For my CV 25/4 I simply set the framelines to 28mm. That already gives me a good indication of what will be in the shot. If I need more accurate placement, I use the entire view finder.
Because the framelines in the R-D1 viewfinder are adjusted for what the field of view will be for a camera with a 1.53 crop factor. i.e. the lens only gives its normal angle of view on when covering the area of a 35mm frame of film. The area of sensor covered by the R-D1 is smaller than that size (by 1/1.53 times) so it is as if you are enlarging the middle part of a 35mm film (or full frame sensor) frame. Therefore the field of view the sensor sees would be the same as if you were using a longer focal length lens on a full frame camera. The 28mm frames = 42mm, 35mm frames = 53mm and 50mm frames = 75mm.
All this is slightly more complicated by the 'safety factor' (as stated previously) used to avoid any possibility of cut-off due to parallax.
Therefore 25mm lens (really the equivalent of a 38mm lens on the R-D1)just about = the full area of the viewfinder.

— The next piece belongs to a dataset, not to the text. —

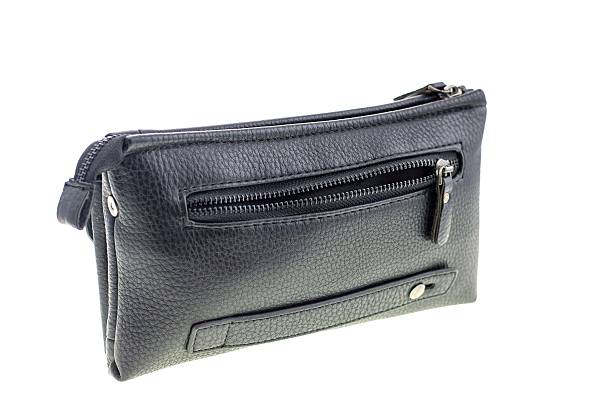 istock Black men's bag isolated on white background 615730520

Negative? I assume you mean R-D1 sensor in this case? As previous messages if you don't wear glasses and can see the whole of the R-D1 viewfinder area, then that's a fairly good match to a 25mm (38mm equivalent) lens on an R-D1. As RML suggests the 28mm framelines can be used 28mm = 43mm (equivalent) x 0.85 safety factor = 36.5mm, but these are a bit tight for a 38mm (equivalent) lens and you will almost certainly get some cutoff at the 1 - 2 metres suggested in your first post. A lens effectively increases slightly in focal length as you focus closer.
A rangefinder camera is never going to give the accurracy of an SLR where you are viewing through the taking lens.
The best (and easiest course) is to make a few comparisons yourself to see what is acceptable to you by comparing what you see in the viewfinder at various distances with what appears on the LCD of the R-D1.